So it would be 180 hours total of drawing practice in 30 days. So far on my first day I have 55 mins of drawing so I have quite a ways to go


----------



## mjkittredge (Sep 8, 2012)

I want to learn how to remodel/refurnish furniture. I have an ugly old sofa that has a good frame but the covering is faded and hideous. I was thinking, what if I could strip that off, get some fabric and tools, and give it a new cover, one that I designed myself, have an artistic theme to it.

I'd have to buy stuff and learn some techniques. But it would probably be cheaper overall than simply buying a new sofa and paying people to haul it into my apartment.


----------



## slyfox (Nov 18, 2007)

mjkittredge said:


> I want to learn how to remodel/refurnish furniture. I have an ugly old sofa that has a good frame but the covering is faded and hideous. I was thinking, what if I could strip that off, get some fabric and tools, and give it a new cover, one that I designed myself, have an artistic theme to it.
> 
> I'd have to buy stuff and learn some techniques. But it would probably be cheaper overall than simply buying a new sofa and paying people to haul it into my apartment.

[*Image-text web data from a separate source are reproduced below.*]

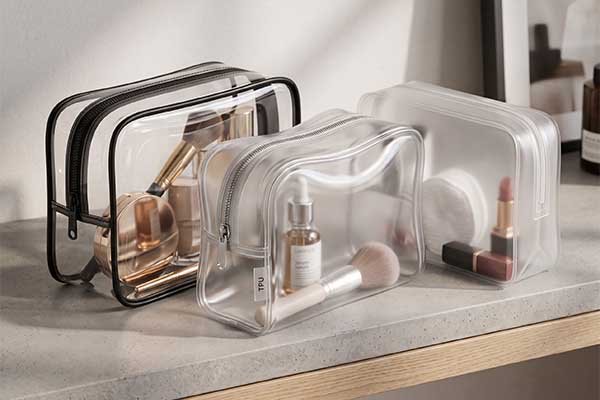 Custom semi-transparent frosted and clear TPU cosmetic bags with zipper closures, designed for B2B beauty brand packaging and retail display.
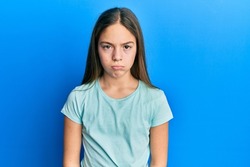 Beautiful brunette little girl wearing casual white t shirt depressed and worry for distress, crying angry and afraid. sad expression. 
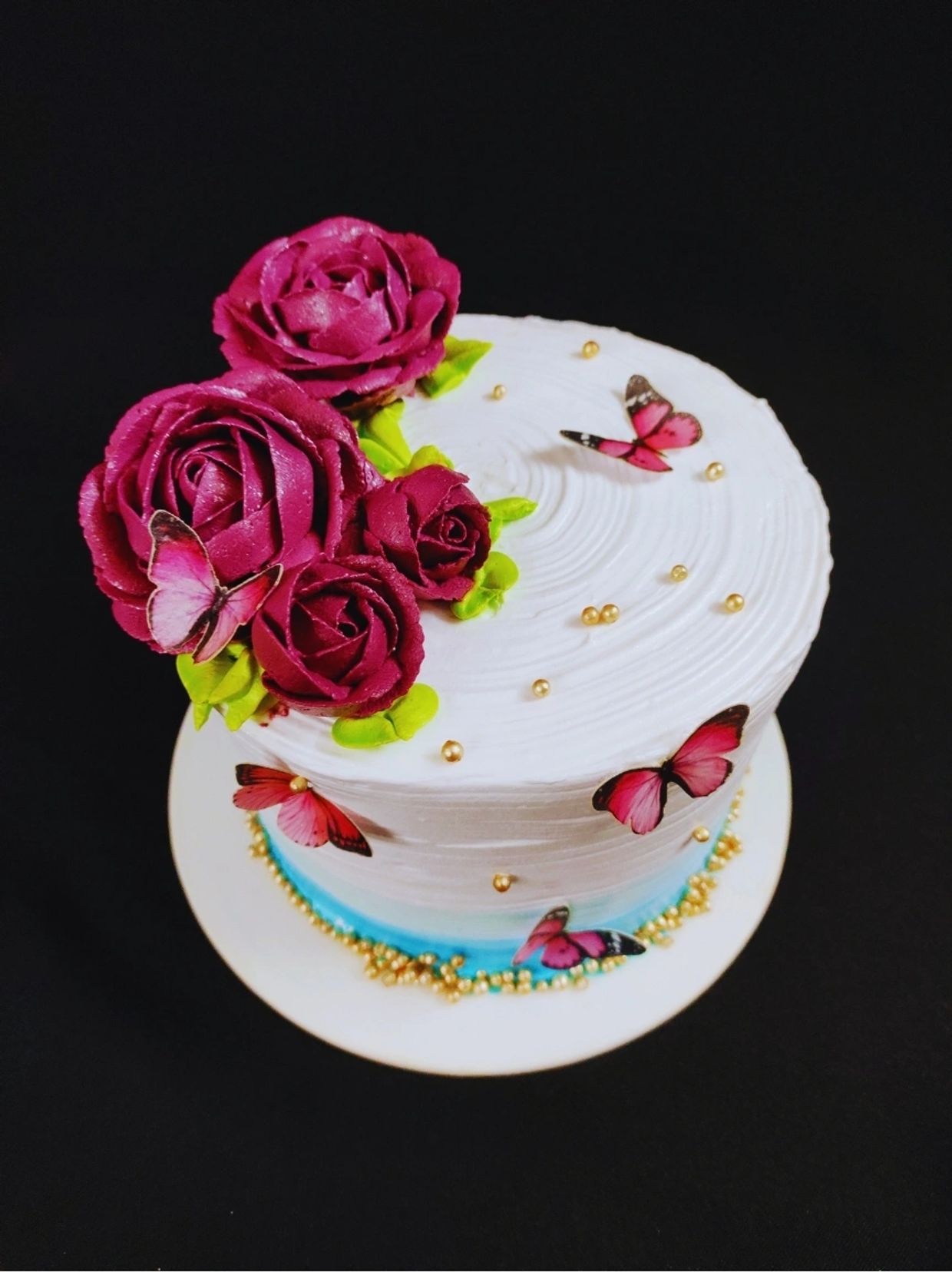 Cake with red roses and pink butterflies decoration.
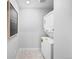 Functional laundry room with stacked washer and dryer and tiled flooring at 17152 W 91St Ln, Arvada, CO 80007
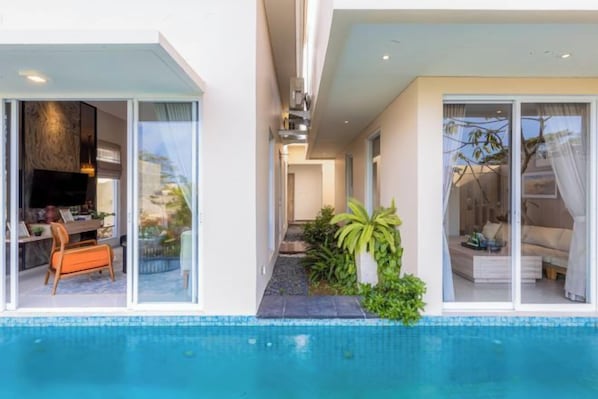 Une maison moderne dotée d’une piscine, d’un coin repas et d’une chambre avec une grande fenêtre.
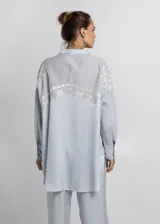 Camisa celeste de corte recto con bordados blancos.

Good luck! Sounds like a good thing to learn. Wouldn't mind learning that myself especially since our cat ruined my chair with his claws  Know this is separate from what you are talking about, but I might attempt to make some wicker furniture someday.


----------



## slyfox (Nov 18, 2007)

Did about 2 hours of drawing the first day but have gotten way off track. After I get things straightened out I'll have to try to get caught up or reset this goal


----------



## Flora20 (Mar 18, 2013)

I want to do some inking practice for least 1 hour everyday and maybe do 2 hours of watercolors on weekends.


----------